# Aggressive Gelding Went After Me in Pasture, What Happened and What do I do Next Time



## DancingArabian (Jul 15, 2011)

Get a whip and keep him out of your space. Personally I would run him off and not let him follow me.

You did good bringing the whip with you!
_Posted via Mobile Device_


----------



## Foxhunter (Feb 5, 2012)

I agree that I would take a lunge whip with me and make him keep his distance when I went in the field. 
Believe me, I would verbally tell him to back off and if he didn't then I would not smack the ground or gate with the whip I would wrap that whip lash around his front legs and when he spun around he would get another one or two across his back end for good measure. 

I do not care if he is not my horse - he needs some manners teaching to him and to learn to keep his distance until invited into a human's space.


----------



## aldebono (Mar 15, 2012)

I wouldn't go out in the pasture without someone else being at the barn and with a lunge whip.


----------



## Iseul (Mar 8, 2010)

I agree with Foxhunter. We had a horse at the barn that was very similar, albeit a mare, and she was in the arena for turnout quite a bit because she was injury prone. Well, had to go through the arena to get to the stalls unless you wanted to walk all the way around and then attempt to haul the sliding door open in the back. I actually kicked her twice. She'd look all nice and relaxed and out of nowhere she'd be right next to you trying to bite and bucking. Everytime (unless I has my whip, in which case it hit her everytime I had to use it) she did that, I'd scream an obscenity at her with the angriest body language and kick wherever I could reach on her (not her legs) until she moved. Not once did she ever come back for more that same week. It first started when she was moved to the run-in and got food agressive; she kicked at me while I was cleaning over a round bale she was sharing with two other horses. She barely missed my knee (got my jeans) and I kicked her in her side and whacked the fork off her *** to add to the get OUT factor. I still remember feeling like both horses (26 and 3) and Drew were staring at me wondering what the heck happened, and then they bolted out of the run-in and Drew jumped into the roundbale feeder to avoid them, haha.
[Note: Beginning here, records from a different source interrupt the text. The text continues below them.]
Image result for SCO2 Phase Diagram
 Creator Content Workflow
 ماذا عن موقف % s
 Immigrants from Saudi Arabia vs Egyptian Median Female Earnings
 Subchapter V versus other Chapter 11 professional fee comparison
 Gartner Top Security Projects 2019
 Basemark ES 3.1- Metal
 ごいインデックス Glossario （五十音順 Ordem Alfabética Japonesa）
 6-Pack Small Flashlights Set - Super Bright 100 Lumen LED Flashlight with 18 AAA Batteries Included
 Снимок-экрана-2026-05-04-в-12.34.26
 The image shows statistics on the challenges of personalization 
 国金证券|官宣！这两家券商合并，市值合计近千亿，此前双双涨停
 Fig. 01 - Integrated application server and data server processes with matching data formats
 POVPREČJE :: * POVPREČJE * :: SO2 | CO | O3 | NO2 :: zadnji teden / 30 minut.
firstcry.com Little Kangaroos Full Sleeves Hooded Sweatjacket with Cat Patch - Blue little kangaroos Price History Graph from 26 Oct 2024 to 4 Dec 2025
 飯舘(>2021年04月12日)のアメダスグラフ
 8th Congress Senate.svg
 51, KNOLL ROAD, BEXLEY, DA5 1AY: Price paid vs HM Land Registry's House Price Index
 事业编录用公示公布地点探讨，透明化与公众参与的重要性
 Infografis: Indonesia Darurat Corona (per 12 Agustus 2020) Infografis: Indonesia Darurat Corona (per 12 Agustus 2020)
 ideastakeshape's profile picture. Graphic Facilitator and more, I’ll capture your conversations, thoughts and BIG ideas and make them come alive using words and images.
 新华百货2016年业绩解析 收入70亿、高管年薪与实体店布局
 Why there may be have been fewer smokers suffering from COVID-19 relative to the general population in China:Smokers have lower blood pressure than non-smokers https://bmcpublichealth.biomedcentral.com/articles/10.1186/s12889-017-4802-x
Never did that mare even pin her ears at me if it involved food, she always lowered her head.

But..after rambling, I agree with both foxhunter and aldebono..It's too easy to get hurt around a good horse, much less an aggressive one D:
_Posted via Mobile Device_


----------



## bsms (Dec 31, 2010)

http://www.horseforum.com/horse-tra...e-horse-need-help-quickly-144917/#post1775616

Most horses respond well to a human making it clear their insubordination won't be tolerated. Some horses - I've read, I don't own any - will then up the ante, and they have more muscle, strength and speed to back them up. If you aren't certain which category THIS horse falls in, I wouldn't take any chances.


----------



## Inga (Sep 11, 2012)

bsms said:


> http://www.horseforum.com/horse-tra...e-horse-need-help-quickly-144917/#post1775616
> 
> Most horses respond well to a human making it clear their insubordination won't be tolerated. Some horses - I've read, I don't own any - will then up the ante, and they have more muscle, strength and speed to back them up. If you aren't certain which category THIS horse falls in, I wouldn't take any chances.


 
Agreed! I am always leery of giving people advice to fight aggression more assertively online. I didn't see the horses behavior. I HAVE seen proud cut horses that act studdy and will come right back at you if you are unsure of yourself. It might very well be... and it sounds like it, that he was protecting his herd. I wonder, if he would have acted out at all if you had taken him out first. (not saying you should) Just, in working with horses that are pasture sour (studs in general) that have been left out with the girls, it is safer to remove them before trying to remove a different horse from their herd. Use caution as this horse sounds quite sassy at this point. Just the fact that he walked with you eying you as you approached the others sounds very much like a stud behavior. 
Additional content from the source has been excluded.